Informative Sample Selection Model for Skeleton-based Action Recognition with Limited Training Samples
Zhigang Tu, Zhengbo Zhang, Jia Gong, Junsong Yuan, Bo Du
TL;DR
This work tackles skeleton-based action recognition under limited annotations by reframing semi-supervised 3D Action Recognition via Active Learning (S3ARAL) as a Markov Decision Process. It introduces an Informative Sample Selection Model (ISSM) trained with Double DQN, where state representations are projected to hyperbolic space to better capture hierarchical skeleton structure, and rewards reflect the action recognizer's performance gains. A meta-tuning strategy based on meta-learning accelerates deployment when expanding labeled data. Across three benchmarks (UWA3D, NW-UCLA, NTU RGB+D 60), the method achieves state-of-the-art accuracy over varying labeling budgets and demonstrates strong generalization, with ablations confirming the value of hyperbolic representations, MMD-based state gaps, and meta-tuning.
Abstract
Skeleton-based human action recognition aims to classify human skeletal sequences, which are spatiotemporal representations of actions, into predefined categories. To reduce the reliance on costly annotations of skeletal sequences while maintaining competitive recognition accuracy, the task of 3D Action Recognition with Limited Training Samples, also known as semi-supervised 3D Action Recognition, has been proposed. In addition, active learning, which aims to proactively select the most informative unlabeled samples for annotation, has been explored in semi-supervised 3D Action Recognition for training sample selection. Specifically, researchers adopt an encoder-decoder framework to embed skeleton sequences into a latent space, where clustering information, combined with a margin-based selection strategy using a multi-head mechanism, is utilized to identify the most informative sequences in the unlabeled set for annotation.

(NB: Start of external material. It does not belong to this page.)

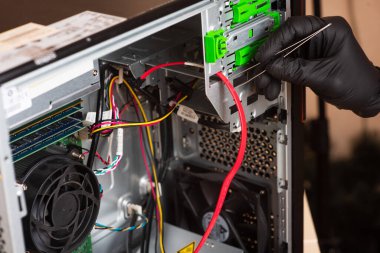 Siyah eldivenli büyücü kişisel bilgisayarı restore eder. Bilgisayarın yedek parçalarına ayrılması. Aletleri kullanarak bilgisayar ekipmanlarının bakımı. İçerideki bilgisayar görüntüsü. comp servisi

However, the most representative skeleton sequences may not necessarily be the most informative for the action recognizer, as the model may have already acquired similar knowledge from previously seen skeleton samples. To solve it, we reformulate Semi-supervised 3D action recognition via active learning from a novel perspective by casting it as a Markov Decision Process (MDP). Built upon the MDP framework and its training paradigm, we train an informative sample selection model to intelligently guide the selection of skeleton sequences for annotation. To enhance the representational capacity of the factors in the state-action pairs within our method, we project them from Euclidean space to hyperbolic space. Furthermore, we introduce a meta tuning strategy to accelerate the deployment of our method in real-world scenarios. Extensive experiments on three 3D action recognition benchmarks demonstrate the effectiveness of our method.